This topic provides the DDL syntax that is used to create a Hologres result table, describes the parameters in the WITH clause, and provides streaming semantics and data type mappings.

Note The Hologres connector can be used to store data of a result table for streaming deployments and batch deployments.

Background information

  • Introduction to Hologres

    Hologres is a real-time interactive analytics service that is developed by Alibaba Cloud. Hologres is compatible with the PostgreSQL protocol and is seamlessly integrated with the big data ecosystem. Hologres allows you to analyze and process up to petabytes of data with high concurrency and low latency. Hologres allows you to use existing business intelligence (BI) tools to perform multidimensional analysis and explore your business in an efficient manner.

  • Features
    The following table describes the features that are supported by the Hologres connector.
    Feature Description
    Streaming semantics Allows the system to write changelogs to a Hologres result table.
    Merge data into a wide table Updates only data in specific fields instead of data in an entire row.
    Create Hologres tables as result tables in the CREATE TABLE AS and CREATE DATABASE AS statements Synchronizes data from a database or a single table in real time and synchronizes schema changes of each table to the related Hologres table in real time during database synchronization or table synchronization.

Prerequisites

A Hologres table is created.
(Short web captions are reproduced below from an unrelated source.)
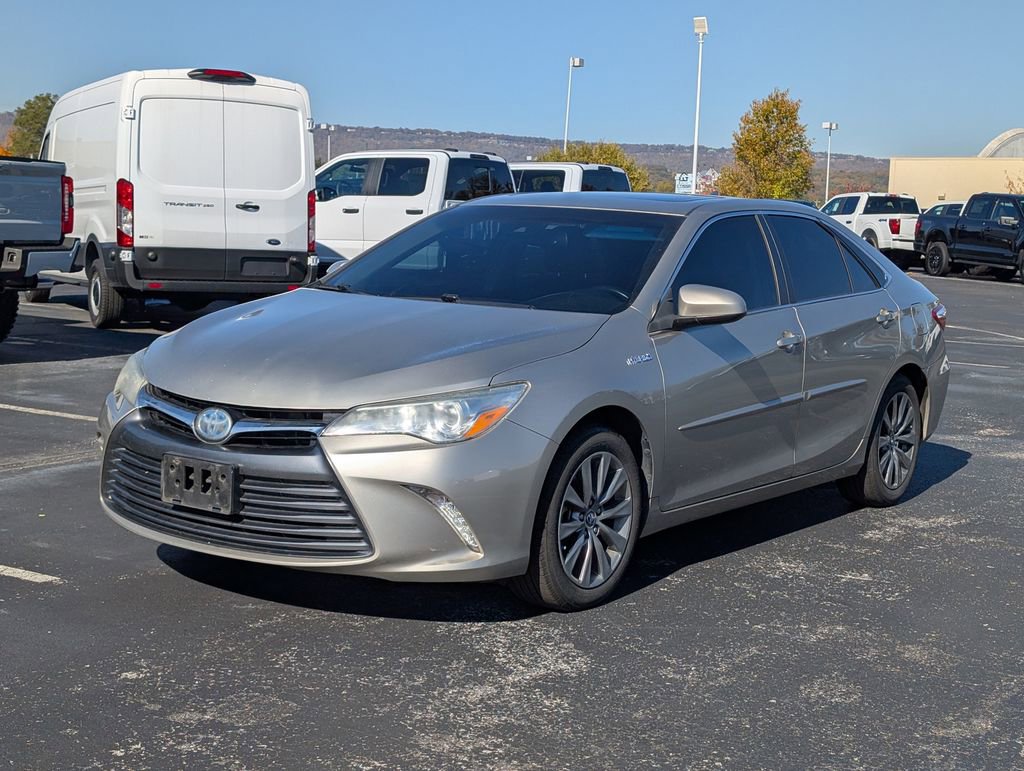 Used 2015 Toyota Camry XLE image 3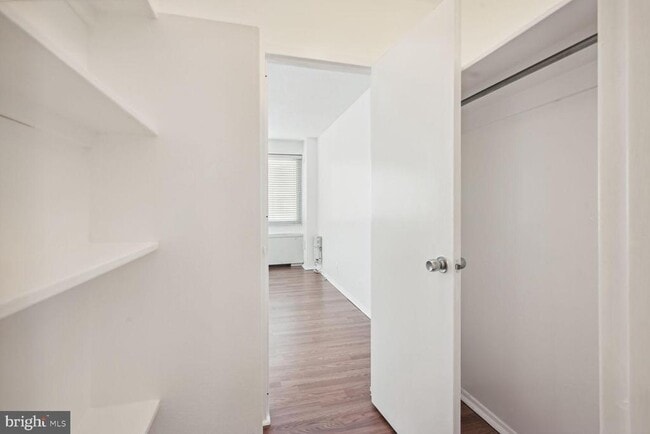 Building Photo - 5500 Friendship Blvd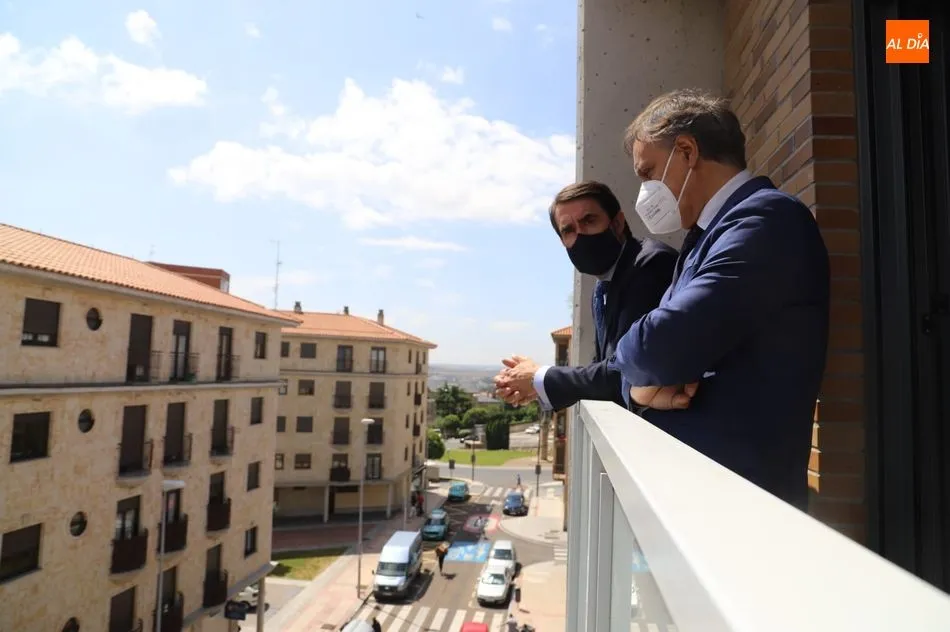 Foto 7 - Entregadas las llaves a los 15 primeros inquilinos de la nueva promoci&oacute;n de vivienda p&uacute;blica de...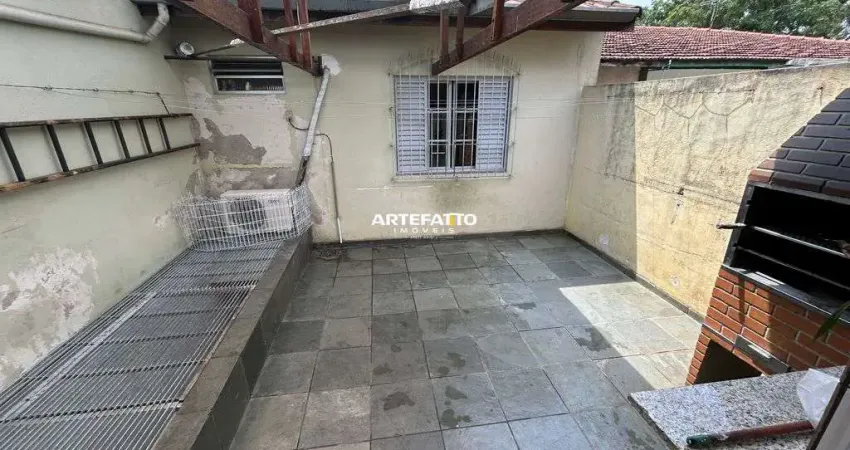 Excelente casa com ponto comercial a pouco metros do metrô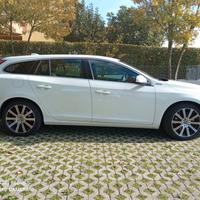 VOLVO V60 D6 Twin Engine Geartronic Momentum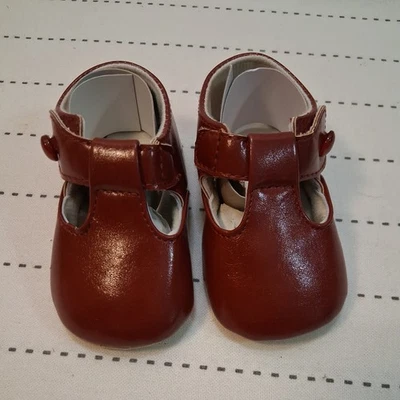 Red toddler shoes, baby moccasins, Baby Mary Janes, with button closure  - Image 1 of 4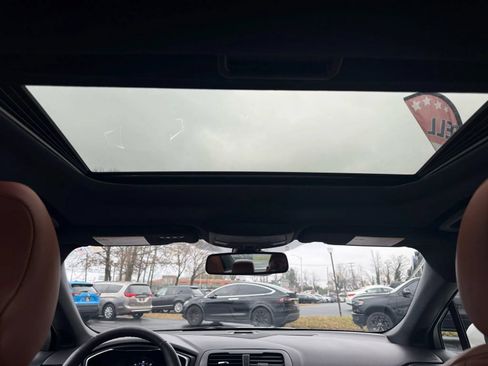 Used 2019 Ford Fusion Energi Titanium FWD image 36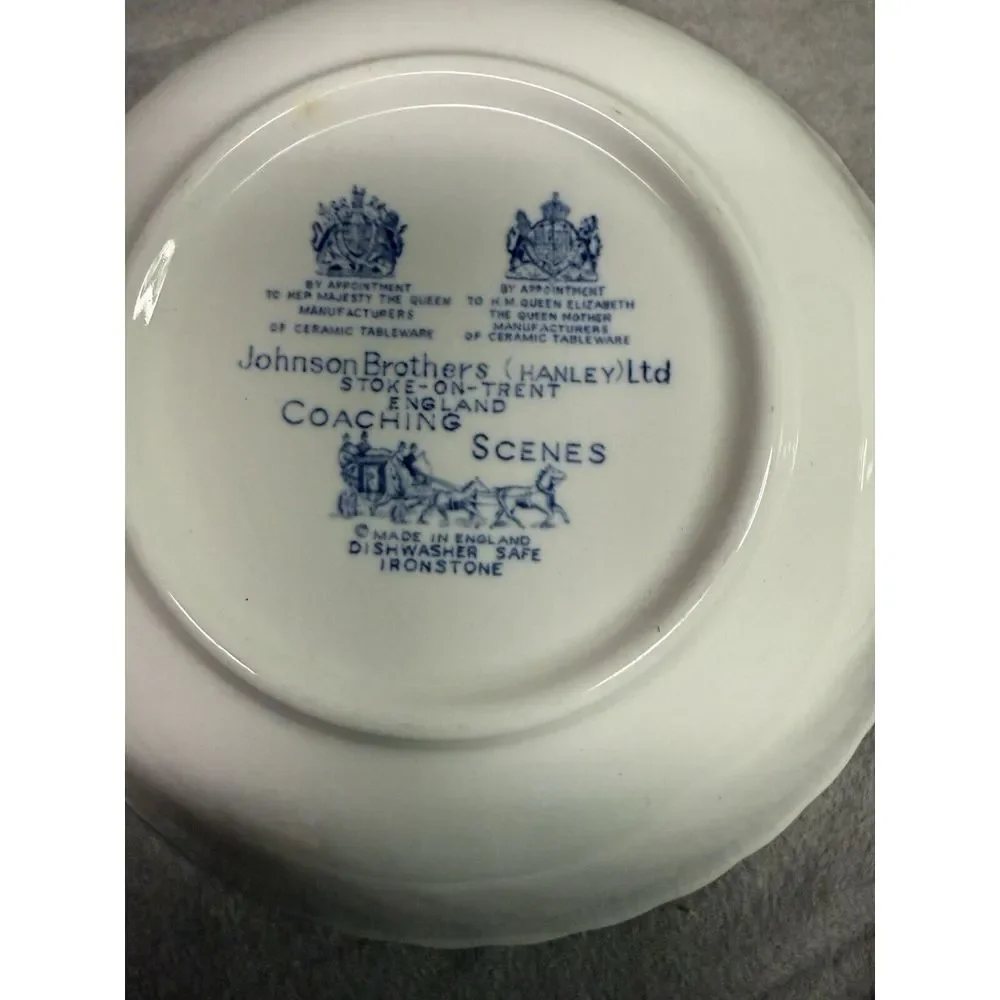 VINTAGE JOHNSON BROS (HANLEY) 8 INCH IRONSTONE SERVING BOWLS (2) COACHING SCENES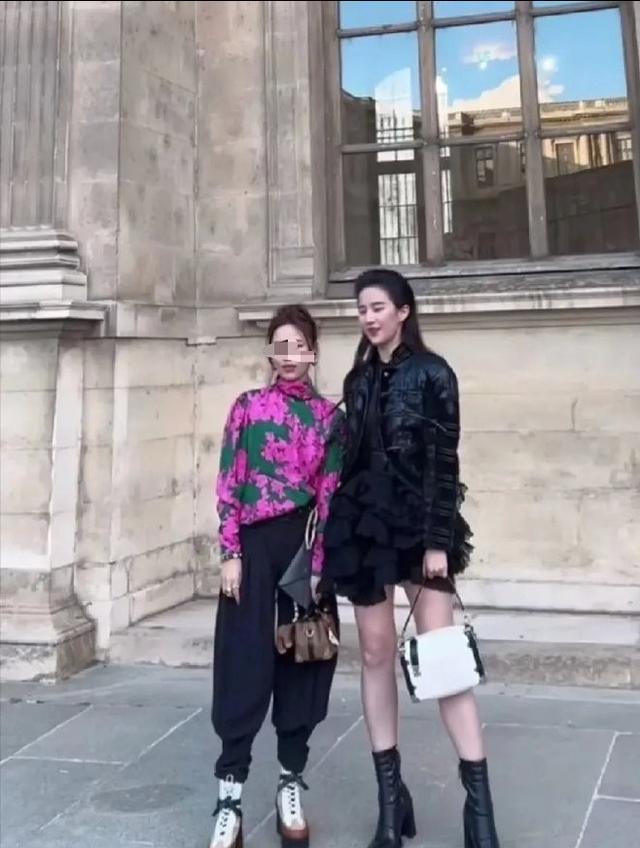 刘亦菲钟楚曦身高对比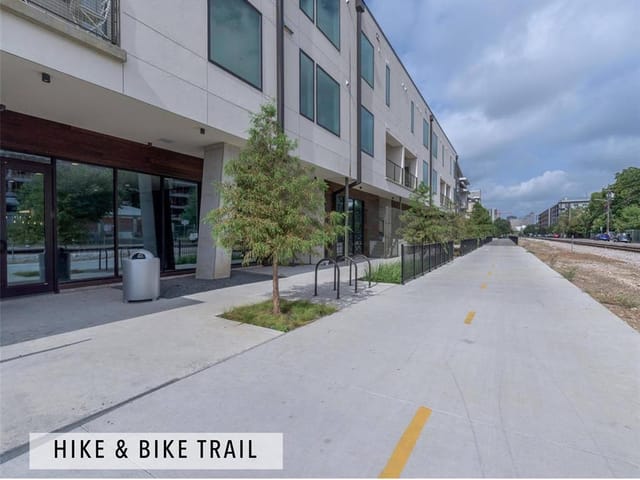 1800 E 4th St Unit #207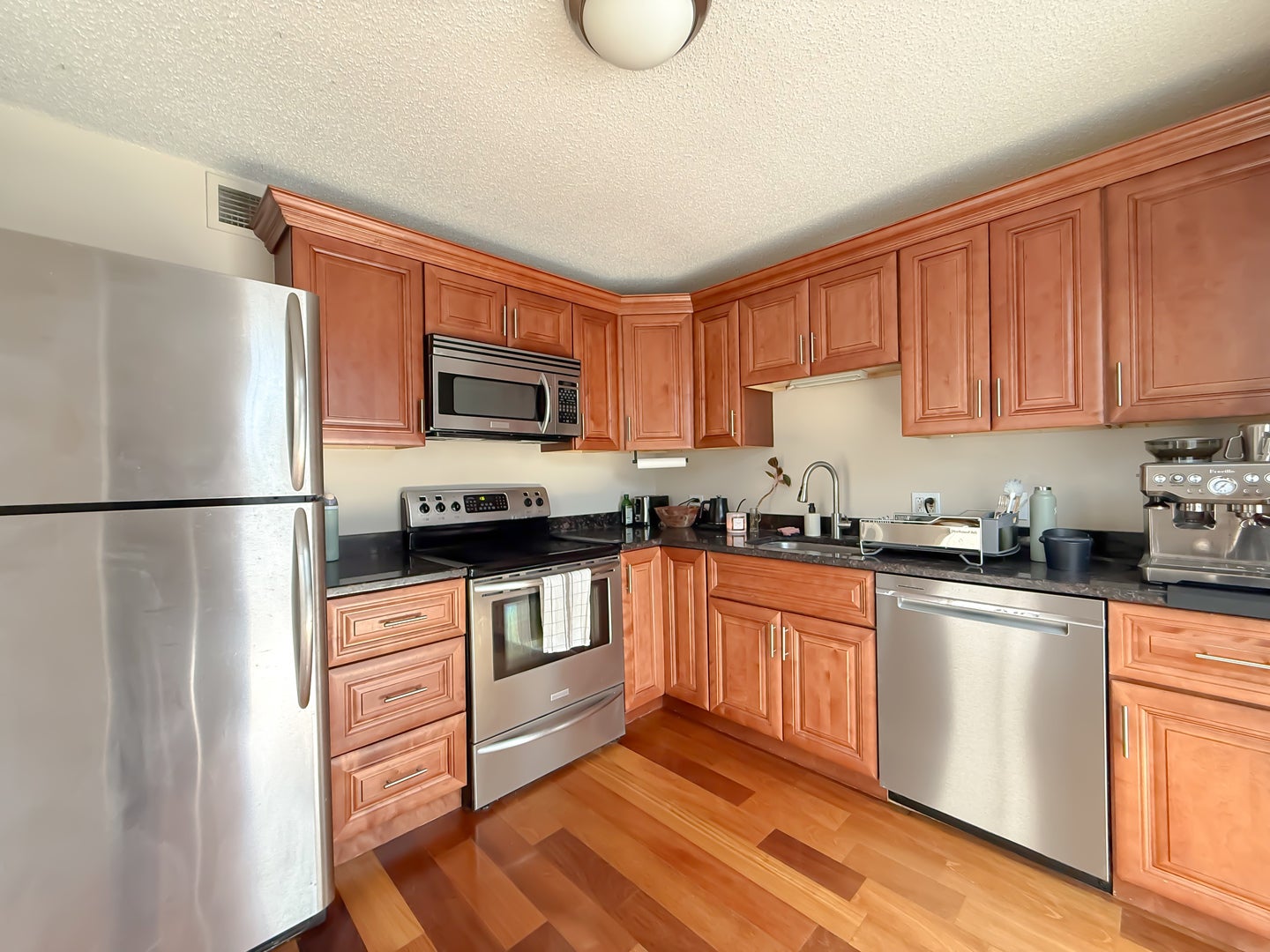 1212 N LaSalle Street 601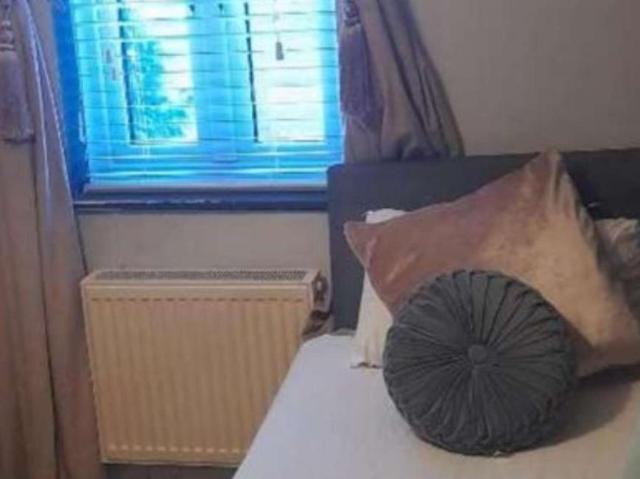 3 Bedroom Shared Living Dublin Dublin D24 PR5W LS101765317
For more information, see Manage an internal table.

Limits

  • Only Realtime Compute for Apache Flink that uses Ververica Runtime (VVR) 2.0.0 or later supports the Hologres connector.
  • You cannot use the Hologres connector to write result data to Hologres external tables. For more information about Hologres external tables, see Manage a foreign table.

DDL syntax

CREATE TABLE hologres_sink(
  name varchar,
  age BIGINT,
  birthday BIGINT,
  PRIMARY KEY (name) NOT ENFORCED
) WITH (
  'connector'='hologres',
  'dbname'='<yourDbname>',
  'tablename'='<yourTablename>',
  'username'='<yourUsername>',
  'password'='<yourPassword>',
  'endpoint'='<yourEndpoint>',
  'field_delimiter'='|' -- This parameter is optional. 
);

Parameters in the WITH clause

Note Only Realtime Compute for Apache Flink whose engine version is vvr-4.0.11-flink-1.13 or later supports all parameters that start with jdbc.
Parameter Description Required Remarks
connector The type of the result table. Yes Set the value to hologres.
dbname The name of the database. Yes N/A.
tablename The name of the table.
Note If the public schema is not used, you must set tablename to schema.tableName.
Yes N/A.
username The username that is used to access the database. You must enter the AccessKey ID of your Alibaba Cloud account. Yes N/A.
password The password that is used to access the database. You must enter the AccessKey secret of your Alibaba Cloud account. Yes N/A.
endpoint The endpoint of the Hologres instance. Yes Format: <ip>:<port>.
sdkMode The SDK mode. No Valid values:
  • jdbc: Data is written by using a Java Database Connectivity (JDBC) driver. This is the default value.
  • jdbc_copy: Data is written in fixed copy mode. Fixed copy is a new feature that is supported in Hologres 1.3. If data is written by using a JDBC driver, data is inserted during data writing. In fixed copy mode, data is written in streaming mode and is not written in batches. Therefore, data writing in fixed copy mode provides higher throughput, lower data latency, and less client memory consumption than data writing by using a JDBC driver.
  • rpc: Data is written in remote procedure call (RPC) mode. If you set this parameter to rpc, the effect is similar to the effect when you set the useRpcMode parameter to true.
  • jdbc_fixed: Data is written in fixed JDBC mode. This feature is in public review. Only Hologres 1.3 or later supports this feature. Compared with data writing by using a JDBC driver, data writing in fixed JDBC mode does not occupy connections.
Note Only Realtime Compute for Apache Flink that uses VVR 6.X or later supports this parameter.
field_delimiter The field delimiter. The Hologres streaming sink can split a string into arrays based on the value of this parameter and import the arrays to Hologres. No Default value: "\u0002".
mutatetype The data writing mode. For more information, see Streaming semantics. No Default value: insertorignore.
partitionrouter Specifies whether to write data to a partitioned table. No Default value: false.
ignoredelete Specifies whether to ignore retraction messages. No Default value: true.
Note This parameter takes effect only when the streaming semantics is used.
createparttable Specifies whether to automatically create a partitioned table to which data is written based on partition values.
Note If the partition values contain hyphens (-), partitioned tables cannot be automatically created.
No
  • false: Partitioned tables are not automatically created. This is the default value.
  • true: Partitioned tables are automatically created.
Note
  • Only VVR whose version is later than 2.1 supports this parameter.
  • Make sure that partition values do not contain dirty data. If dirty data exists, a failover occurs because an invalid partitioned table is created. Use this parameter with caution.
useRpcMode Specifies whether to connect to the Hologres connector by using RPC. No Valid values:
  • true: Connect to the Hologres connector by using RPC.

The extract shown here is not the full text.